Si je l'accepte tel qu'il est et refuse de participer à son jeu, dans notre société d'abondance, il aura tôt fait d'arrêter de jouer au pauvre et de trouver un autre moyen de se nourrir. Mais notre charité chrétienne ne crée-t-elle pas ce jeu puisque, sans les indigents, comment pourrions-nous démontrer la noblesse de notre générosité?
J'ai aidé beaucoup de gens depuis plusieurs années ; autant amis, parents, voisins, étrangers que simples connaissances. Ça ne m'a apporté, le plus souvent, que des ennuis. Je m'attendais à de la reconnaissance et de la gratitude mais je me suis retrouvé méprisé et envié. Comme on aide un automobiliste à réparer sa crevaison pour qu'il puisse rouler librement, je pensais aider ces gens. Non. Tout ce qu'ils faisaient, c'était se nourrir de mon aide et aller montrer leur « crevaison » à un autre Bon Samaritain.
Je donnais, comme le dit l'adage, « une canne à pêche plutôt qu'un poisson » pour que mon miséreux s'en sorte, mais il se débarrassait vite de cet outil encombrant pour poursuivre son but : vendre sa misère aux bonnes âmes compatissantes. Si je m'enquérais de savoir pourquoi le type ne s'arrangeait pas pour changer et sortir de sa misère, je voyais vite le mépris apparaître dans ses yeux comme si je me mêlais de ce qui ne me regarde pas. La Charte des Droits et Libertés lui donne le droit de faire comme bon lui semble ; ça ne me donne pas le droit de vouloir le sortir de sa misère. Mais pourquoi ne pas vouloir en sortir?

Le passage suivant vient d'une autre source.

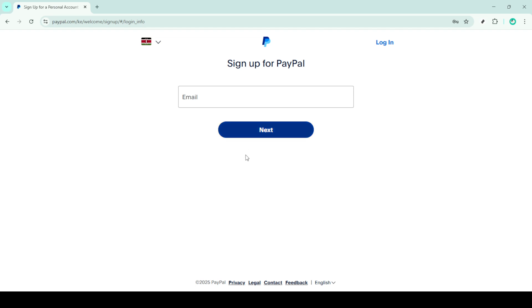Following this, PayPal requires you to fill in additional information such as your full name, home address and phone number. It's important to provide accurate information as this will be used to verify your account later on.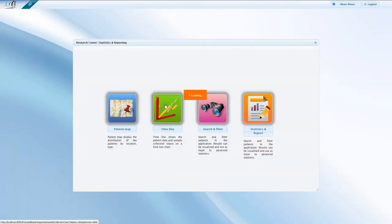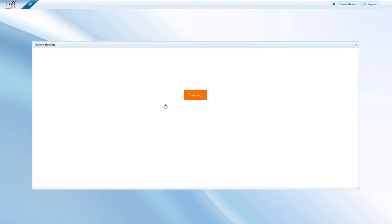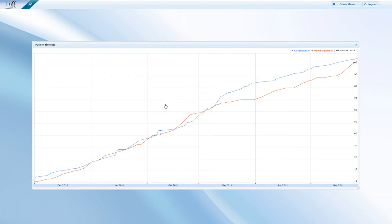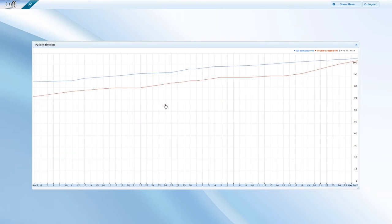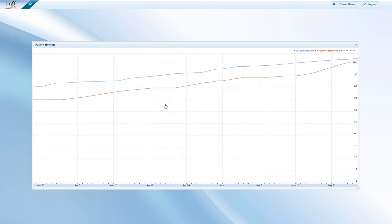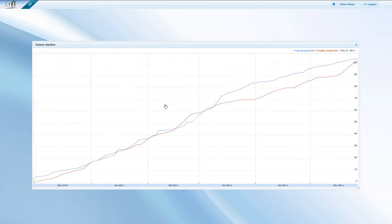The timeline shows when the samples have been taken and when the corresponding records have been entered into SmartBank. Although on this demo, time is displayed in months, you can zoom in to shorten the displayed period to weeks or even days.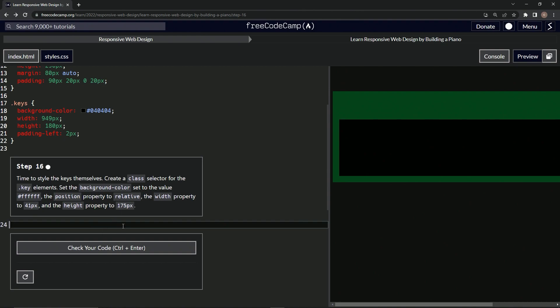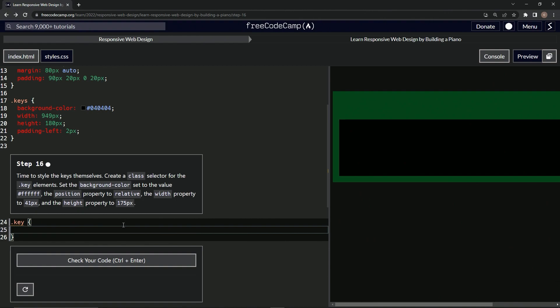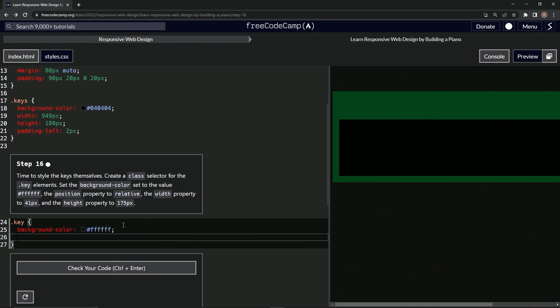All right, so what we're gonna do is target the key like this, and then we'll say background color is now FFF, just like that, and then we'll say position is now relative.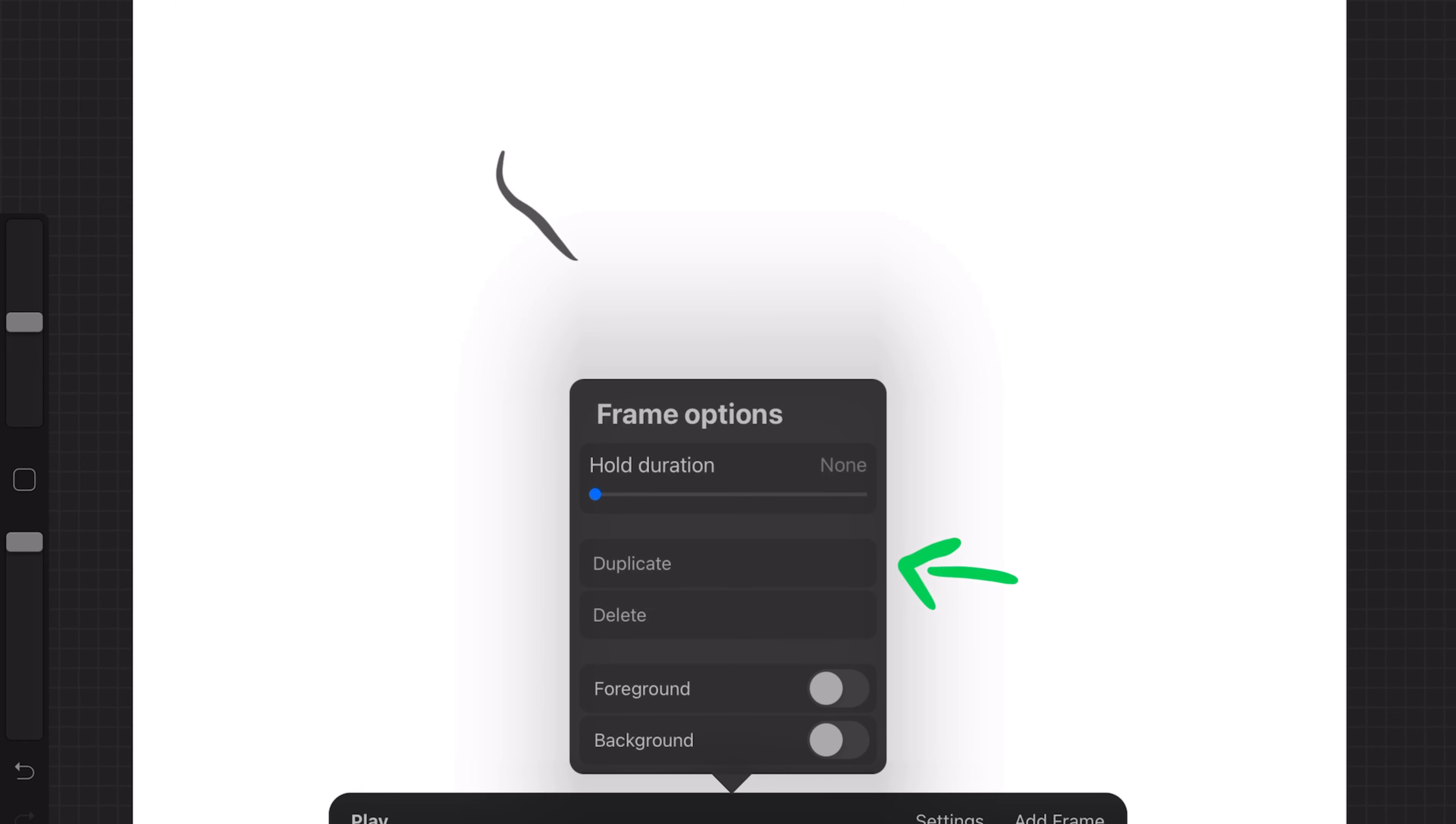And then you can see in the bottom you have the frames bar. You just draw whatever you want and then you tap on the frame to duplicate it and then press the duplicate button.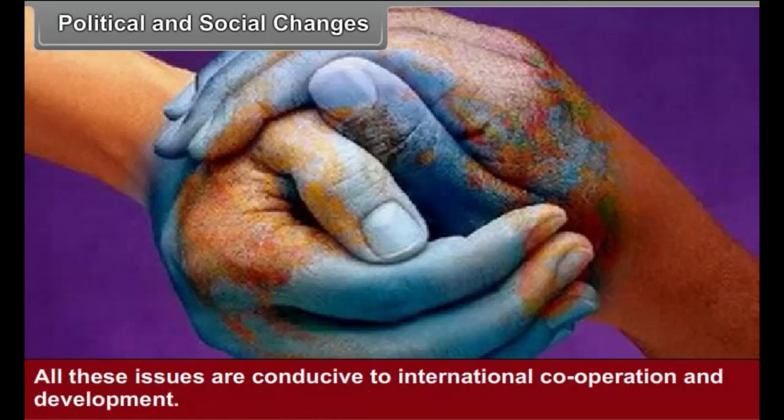All these issues are conducive to international cooperation and development.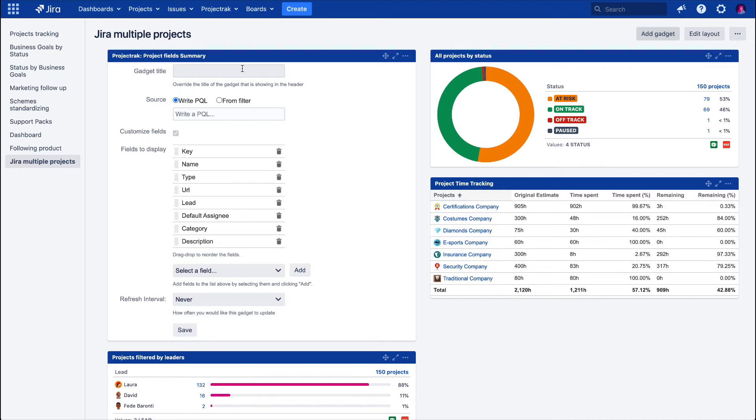describing the information you need to report. In this case, we're going to name it Java Projects, which already gives us an idea about what we will report.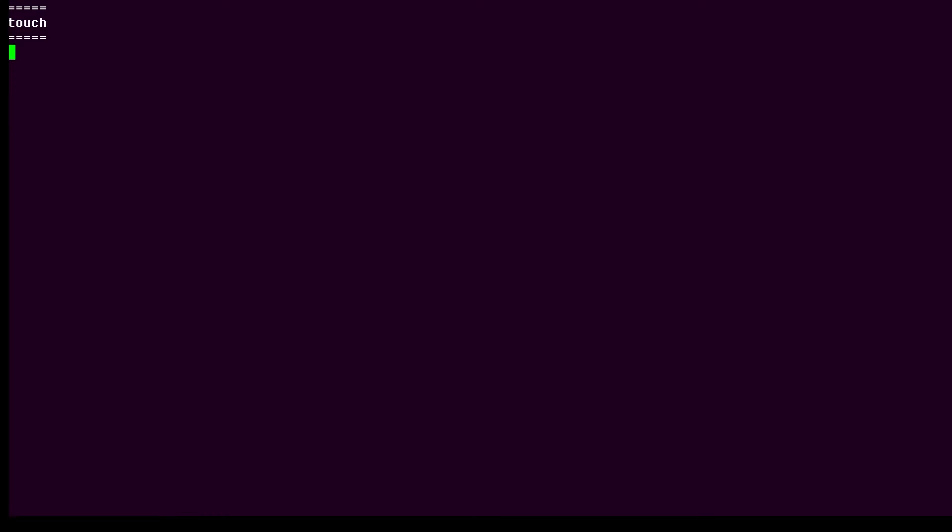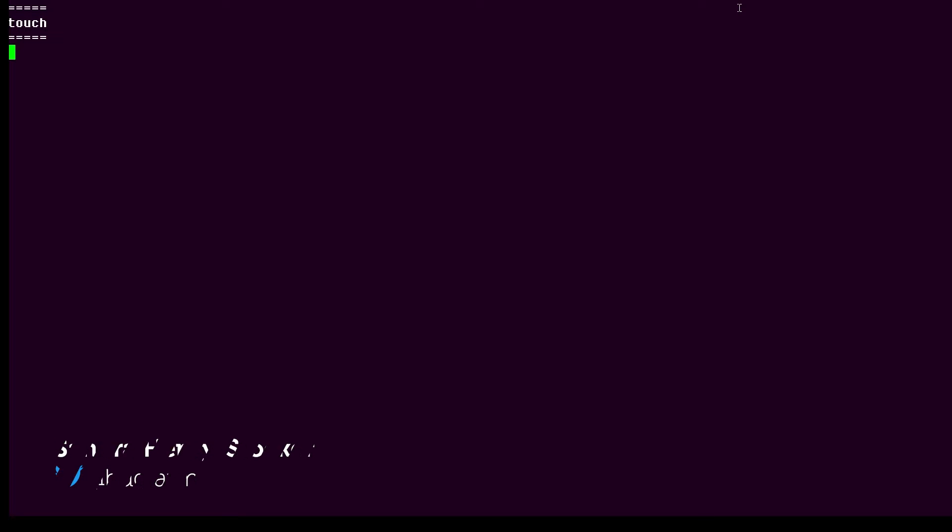Hi, this is Sandra Henry-Stocker, author of the UNIX as a Second Language blog on NetworkWorld. In this Linux tip we're going to look at the touch command.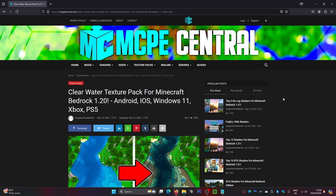Hello everyone, welcome back! Today I'm going to show you how to download and install the clear water texture pack for Minecraft Bedrock Edition. The first thing you're going to want to do is come to this website. I will leave a link in the description down below.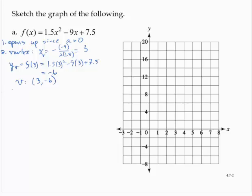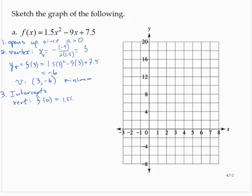Since the parabola opens up, this is a minimum point. Now the intercepts. The vertical intercept: f(0) = 1.5 × 0² − 9 × 0 + 7.5 = 7.5. So the vertical intercept is (0, 7.5).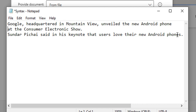On my screen I have an example: "Google, headquartered in Mountain View, unveiled the new Android phone at the Consumer Electronics Show. Sundar Pichai said in his keynote that users love their new Android phones." This is the example for syntax analysis. Using this text, I'm going to analyze it and extract the data or series of sentences and tokens from the particular text.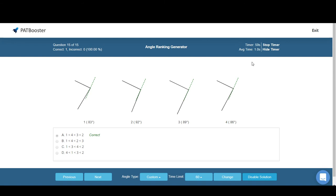All right, and that's PAT Booster's Angle Ranking Generator. See you guys next time.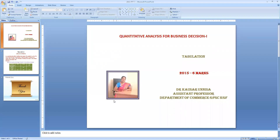Hello, good morning everyone. This is Dr. Kousar Aminthar, Assistant Professor, Department of Commerce and Management in LCTQ2.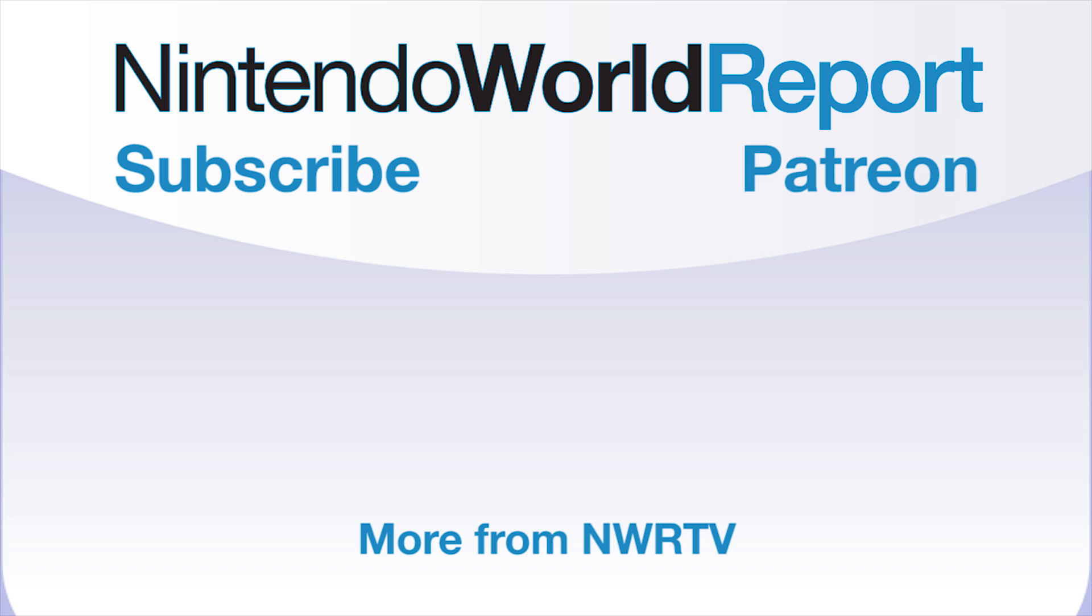Thank you very much for watching. If you enjoyed this video, don't forget to subscribe, and of course check out nintendoworldreport.com for a lot more. If you'd like to support the creation of content like this, you can check us out on Patreon at patreon.com slash nwr.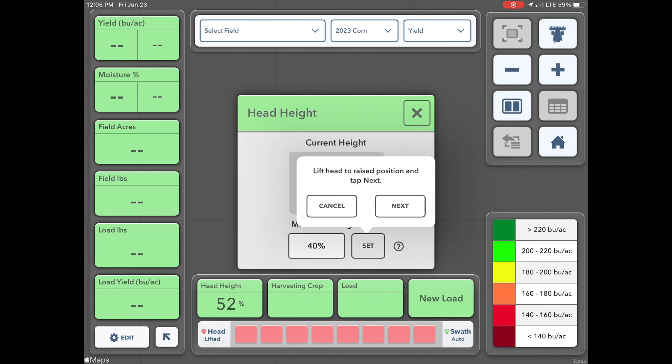Lift the head to its raised position and tap next. Lower the head slightly from raised position and tap done.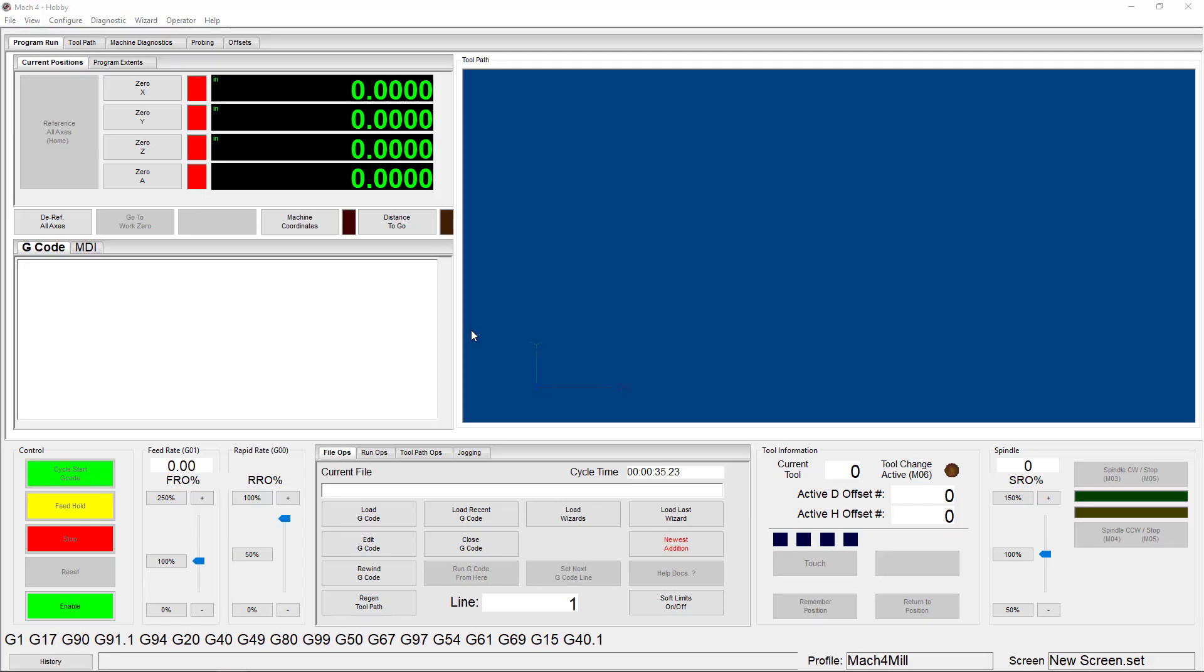Hello everyone. Today we're going to talk about screen editing. This is the first video in our new series, so I'm going to cover some of the basics to get you started.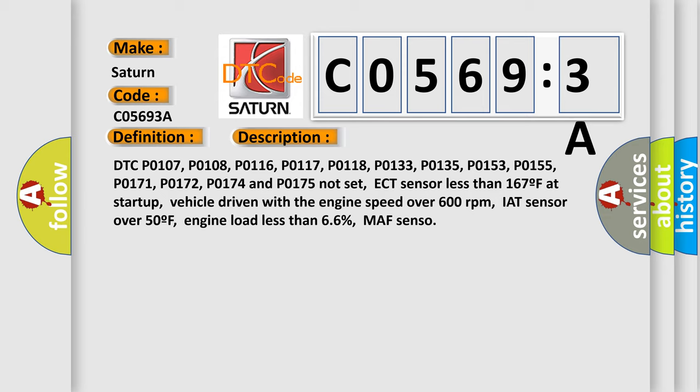And now this is a short description of this DTC code: DTC P0107, P0108, P0116, P0117, P0118, P0133, P0135, P0153, P0155, P0171, P0172, P0174, and P0175, if not set.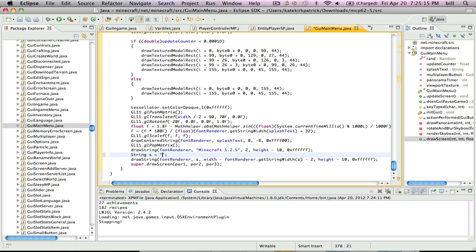I'm going to make this coded by BillSoccerStar. Sorry about any background noise. And then this is another one, a little more simple.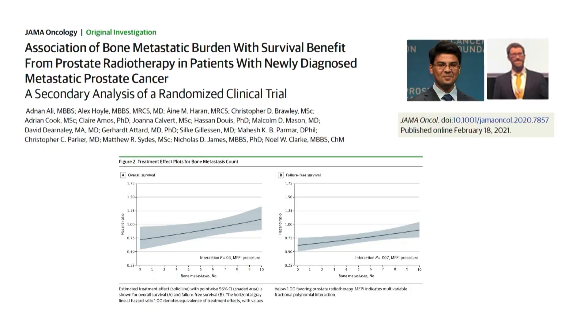Two research fellows — Adnan Ali and Alex Hoyle — working at the Christie in Manchester on the Stampede data categorised this in great detail. Looking at treatment effect in relation to bone metastasis count: on the left is overall survival; on the x-axis is the number of metastases on the bone scan. Above a hazard ratio of 1 is worse, below 1 is better. As you reach 4 metastases, you start to lose the treatment effect on the primary. This defines treatment burden — it's a linear correlate, not a dichotomous one.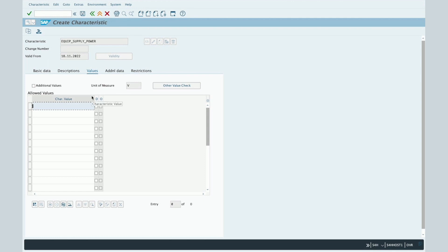Then let's speak about the Values tab. In this tab, you can specify to SAP which values this characteristic can take. For example, if you would like to predefine values such as 120 volts or 240 volts, rather than leaving the choice totally free for the user, you can define predefined values and enter them in this table. Afterward, the user will be able to select one of these values.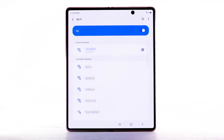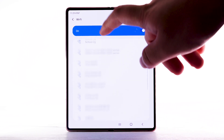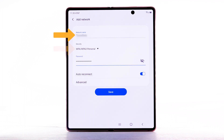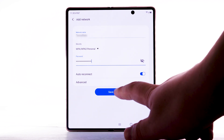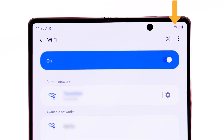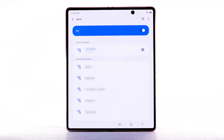To connect to a hidden or unbroadcasted Wi-Fi network, scroll to and select Add Network. You will need to enter the network SSID, security type, and password if necessary to continue. Select Save. When the device is connected to a Wi-Fi network, the Wi-Fi active icon will display in the notification bar. Data transmitted over a Wi-Fi network does not count towards your AT&T data plan and will not be billed.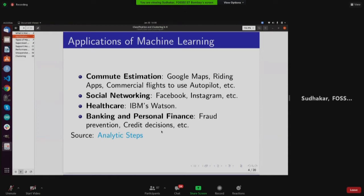Coming to autopilot — according to a New York Times report, planes are running in autopilot mode most of the time. Only during takeoff and landing are pilots actually in charge. It was reported that pilots take charge for only around seven minutes, and the rest of the time autopilot mode is on. AI technology is harnessed to ensure smooth flight operation.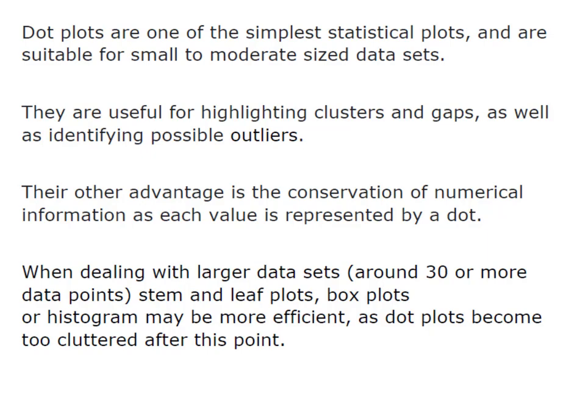They are useful for highlighting clusters and gaps, as well as identifying possible outliers. Their other advantage is the conservation of numerical information, as each value is represented by a dot.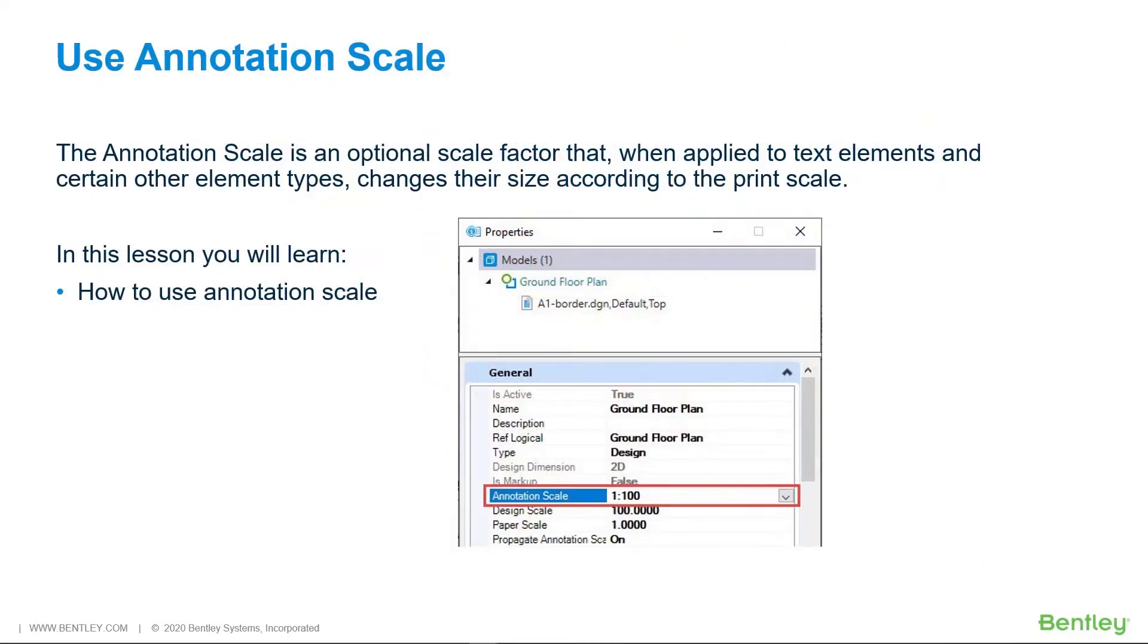The annotation scale is an optional scale factor that, when applied to text elements and certain other element types, changes their size according to the print scale.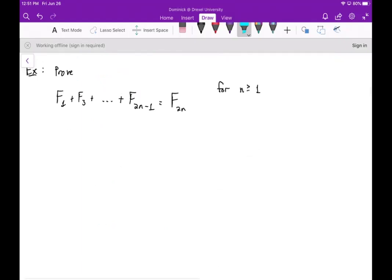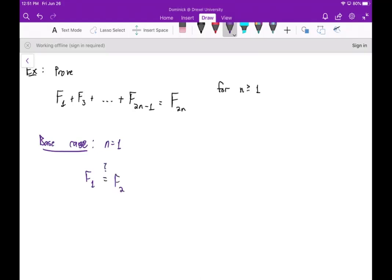Let's do another example. We want to prove that the sum of odd-indexed Fibonacci numbers — F₁ plus F₃ all the way to F_{2n-1} — equals F_{2n}. We'll do this by induction. The base case is n equals one: does F₁ equal F₂? Yes, because the first two Fibonacci numbers are both one.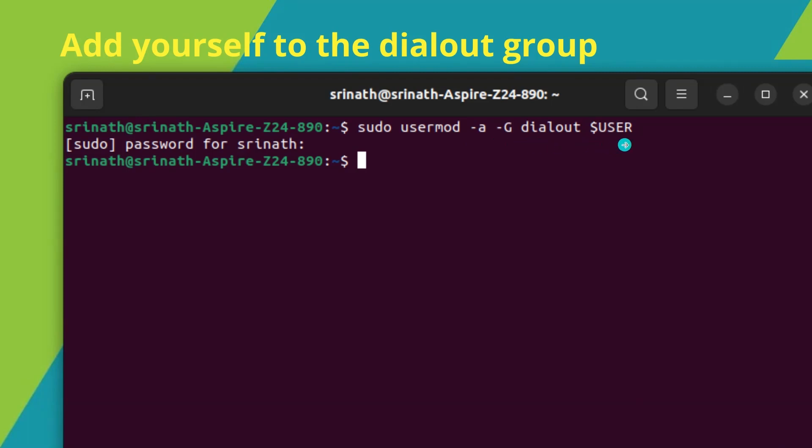Once your computer restarts, open the Arduino IDE again and check if the port is now enabled. This change should grant the necessary permissions for the IDE to access the serial port.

En fait, sa « canne à pêche » il l'a déjà : c'est sa misère. Et il est normal qu'il me méprise de vouloir la lui enlever. Si je veux la remplacer par une autre, c'est parce que je voudrais que la misère disparaisse dans le monde. Je voudrais que chacun puisse vivre dans l'honneur et la dignité. Je juge donc la mendicité comme déshonorant l'être humain et le rendant indigne. Aussi bien dire que je méprise les mendiants. Donc, mon désir qu'ils s'en sortent les insulte. Si je les aide, c'est que je ne les accepte pas tels qu'ils sont. Je les voudrais riches heureux et en santé. Voilà ce qui les insulte. C'est donc mon problème et non le-leur. Quand je leur donne, ce n'est pas un geste de générosité désintéressé. Ce geste vise à changer le monde et faire disparaître la misère que je n'accepte pas.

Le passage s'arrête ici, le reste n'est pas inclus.